AN ALTERNATING RANK-k NONNEGATIVE LEAST SQUARES FRAMEWORK (ARkNLS) FOR NONNEGATIVE MATRIX FACTORIZATION

Nonnegative matrix factorization (NMF) is a prominent technique for data dimensionality reduction that has been widely used for text mining, computer vision, pattern discovery, and bioinformatics. In this paper, a framework called ARkNLS (alternating rank-k nonnegativityconstrained least squares) is proposed for computing NMF. First, a recursive formula for the solution of the rank-k nonnegativity-constrained least squares (NLS) is established. This recursive formula can be used to derive the closed-form solution for the rank-k NLS problem for any integer k \geq 1. As a result, each subproblem for an alternating rank-k nonnegative least squares framework can be obtained based on this closed-form solution. Assuming that all matrices involved in rank-k NLS in the context of NMF computation are of full rank, two of the currently best NMF algorithms HALS (hierarchical alternating least squares) and ANLS-BPP (alternating NLS based on block principal pivoting) can be considered as special cases of ARkNLS with k = 1 and k = r for rank-r NMF, respectively.
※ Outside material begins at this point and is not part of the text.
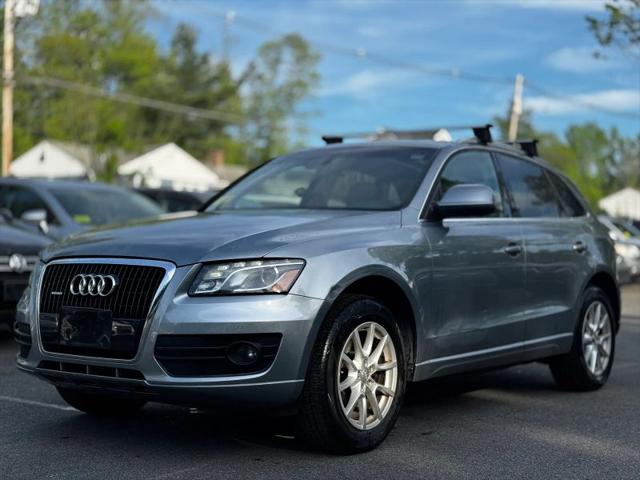 2009 Audi Q5 3.2 Premium for sale in Stoughton, MA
This paper then focuses on the framework with k = 3, which leads to a new algorithm for NMF via the closed-form solution of the rank-3 NLS problem. Furthermore, a new strategy that efficiently overcomes the potential singularity problem in rank-3 NLS within the context of NMF computation is also presented. Extensive numerical comparisons using real and synthetic data sets demonstrate that the proposed algorithm provides state-of-the-art performance in terms of computational accuracy and CPU time.